▸ DATA:
[Start of Attachment]
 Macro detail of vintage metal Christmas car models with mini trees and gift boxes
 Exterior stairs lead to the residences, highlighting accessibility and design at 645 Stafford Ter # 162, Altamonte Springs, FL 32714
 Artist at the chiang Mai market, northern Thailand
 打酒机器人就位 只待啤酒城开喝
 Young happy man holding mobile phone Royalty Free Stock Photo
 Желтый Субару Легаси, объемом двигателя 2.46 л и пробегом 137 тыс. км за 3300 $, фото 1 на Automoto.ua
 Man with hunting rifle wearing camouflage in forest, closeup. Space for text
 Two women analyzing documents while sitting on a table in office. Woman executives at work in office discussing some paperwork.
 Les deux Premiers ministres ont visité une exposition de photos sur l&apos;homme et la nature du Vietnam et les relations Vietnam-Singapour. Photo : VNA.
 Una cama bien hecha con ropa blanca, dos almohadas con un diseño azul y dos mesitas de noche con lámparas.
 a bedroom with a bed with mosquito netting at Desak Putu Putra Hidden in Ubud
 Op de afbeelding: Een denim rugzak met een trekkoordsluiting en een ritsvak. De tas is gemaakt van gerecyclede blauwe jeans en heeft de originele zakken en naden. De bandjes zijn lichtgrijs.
[End of Attachment]
[Start of Attachment]
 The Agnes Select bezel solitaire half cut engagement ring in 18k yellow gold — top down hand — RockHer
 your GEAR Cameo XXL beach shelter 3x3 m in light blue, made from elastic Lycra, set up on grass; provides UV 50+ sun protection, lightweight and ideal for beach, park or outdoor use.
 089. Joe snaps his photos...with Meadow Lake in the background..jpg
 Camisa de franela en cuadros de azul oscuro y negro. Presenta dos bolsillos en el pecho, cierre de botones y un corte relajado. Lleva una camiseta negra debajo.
[End of Attachment]
[Start of Attachment]
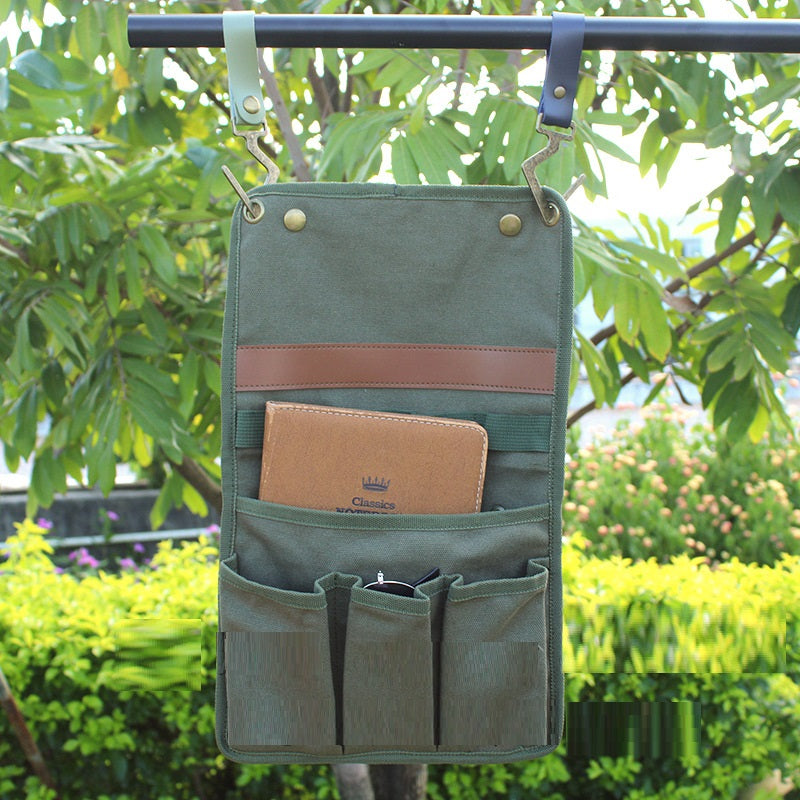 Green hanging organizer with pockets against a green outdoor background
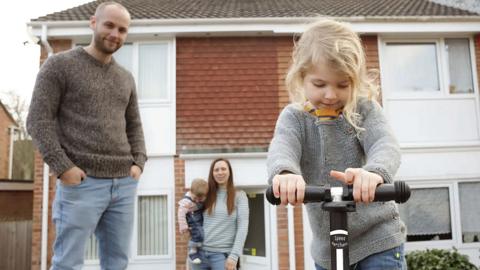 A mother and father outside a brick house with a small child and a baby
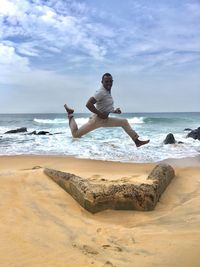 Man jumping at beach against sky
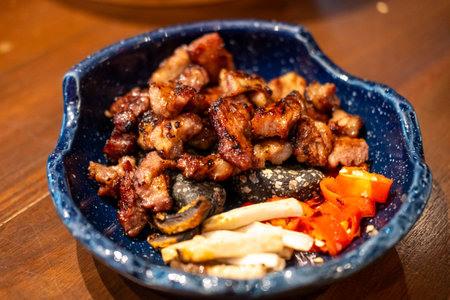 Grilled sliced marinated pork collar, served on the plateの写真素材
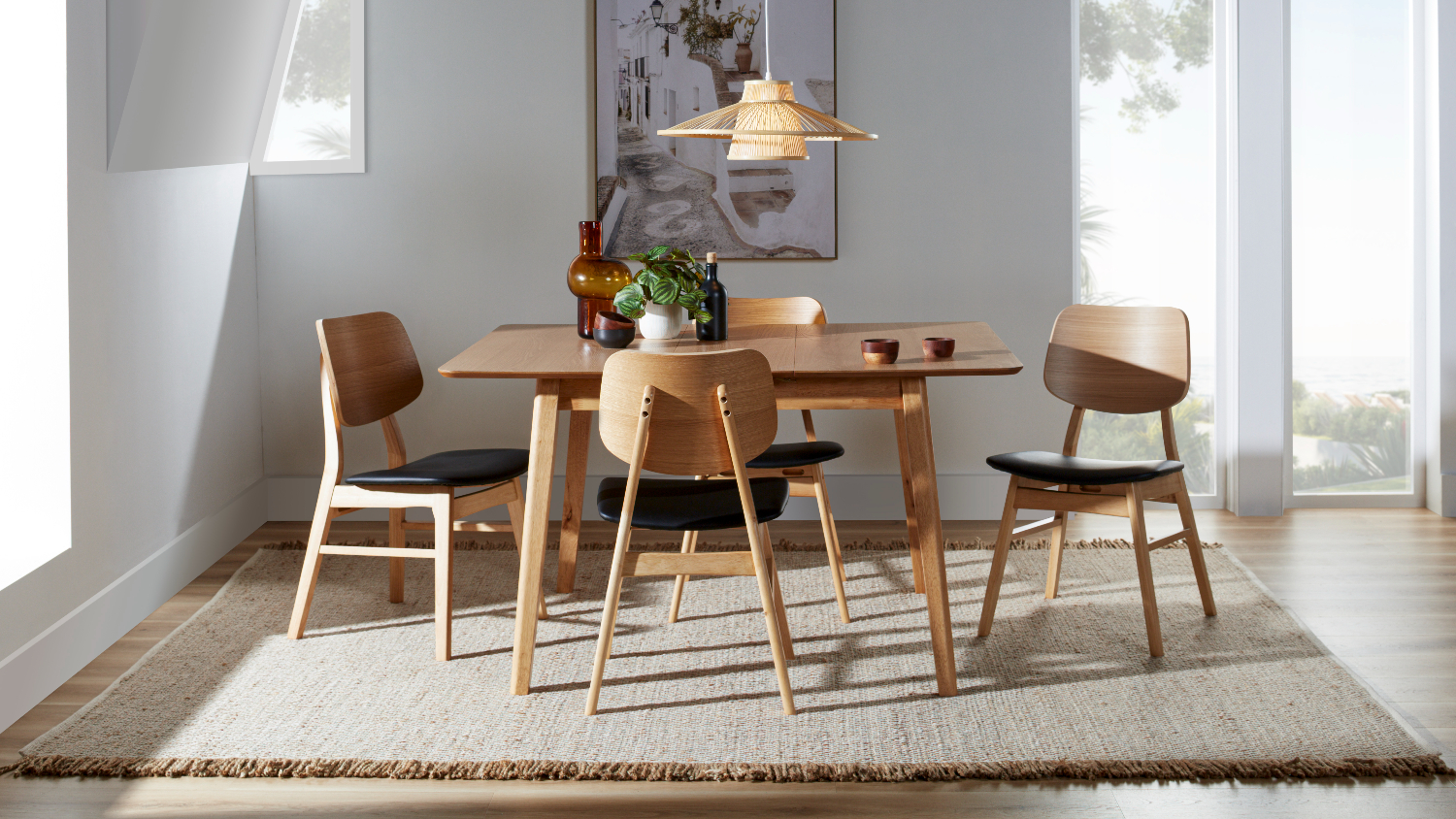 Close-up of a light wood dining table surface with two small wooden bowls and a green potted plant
[End of Attachment]
▸ WORK REQUIRED: In the data above, how many lines include the word "azul"? Answer with the number only.

▸ WRITTEN SOLUTION: 2